The documentary extols the often overlooked role of women in the Black church and the Civil Rights Movement, citing luminaries such as gospel singer Mahalia Jackson and activist Prathia Hall, who actually came up with the phrase “I have a dream” that Dr. Martin Luther King Jr. would use to such effect during his speech during the March on Washington in 1963. 

Evangelicals will be troubled by the rise of the prosperity gospel in the Black church. “How did we go from ‘I have a dream’ to bling, bling?” wonders Rev. William J. Barber II, pastor of Greenleaf Christian Church in Goldsboro, North Carolina. 

The Black church also includes controversial activists such as Al Sharpton and Jeremiah Wright. But the truth is that Christ’s church, Black or White, is not perfect. Barack Obama, then a senator from Illinois running for president, touched on this in 2008 while responding to criticism of Wright, his pastor at Trinity United Church of Christ in Chicago. While disagreeing with controversial statements Wright had made, Obama refused to disavow him or his church

“Like other predominantly Black churches across the country, Trinity embodies the Black community in its entirety,” Obama said. “The church contains in full the kindness and cruelty, the fierce intelligence and the shocking ignorance, the struggles and successes, the love and, yes, the bitterness and biases that make up the Black experience in America.” 

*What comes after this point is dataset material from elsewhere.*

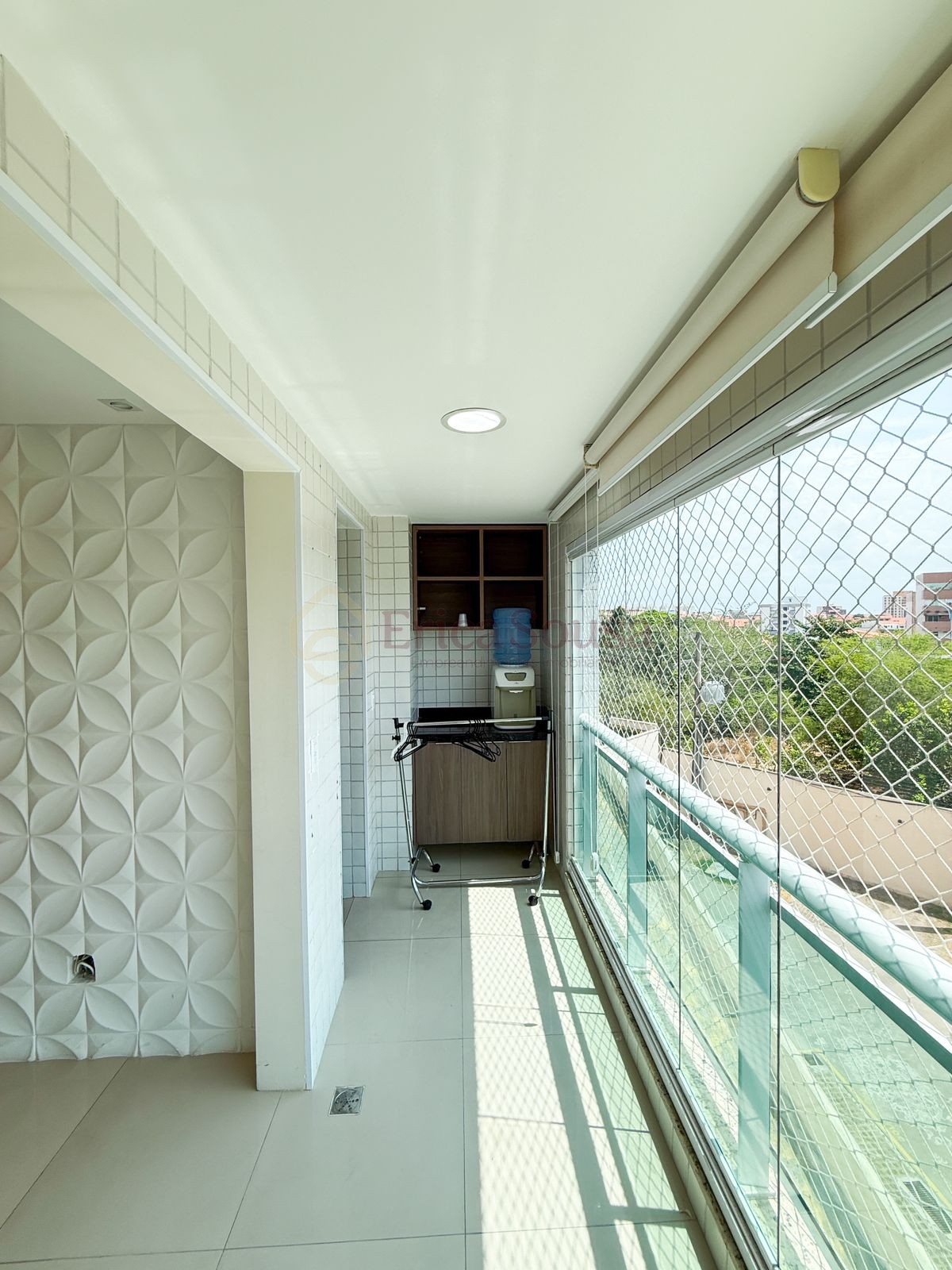 Apartamento 3 quartos para Venda no bairro Renascença em São Luís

“The meaning and the magic”

One of the most poignant moments comes in the final scene of The Black Church, when Gates speaks at the small Methodist church in West Virginia he attended as a child. 

“After so many years distance from it, I have finally come to understand more fully the meaning and the magic of the Black church,” he said. 

He told the congregation his favorite hymn of all time was “The Prodigal Son.” He began singing, “Oh, I believe, I believe, I will go back home.” 

With laughter and tears, hugs and kisses, he went back home.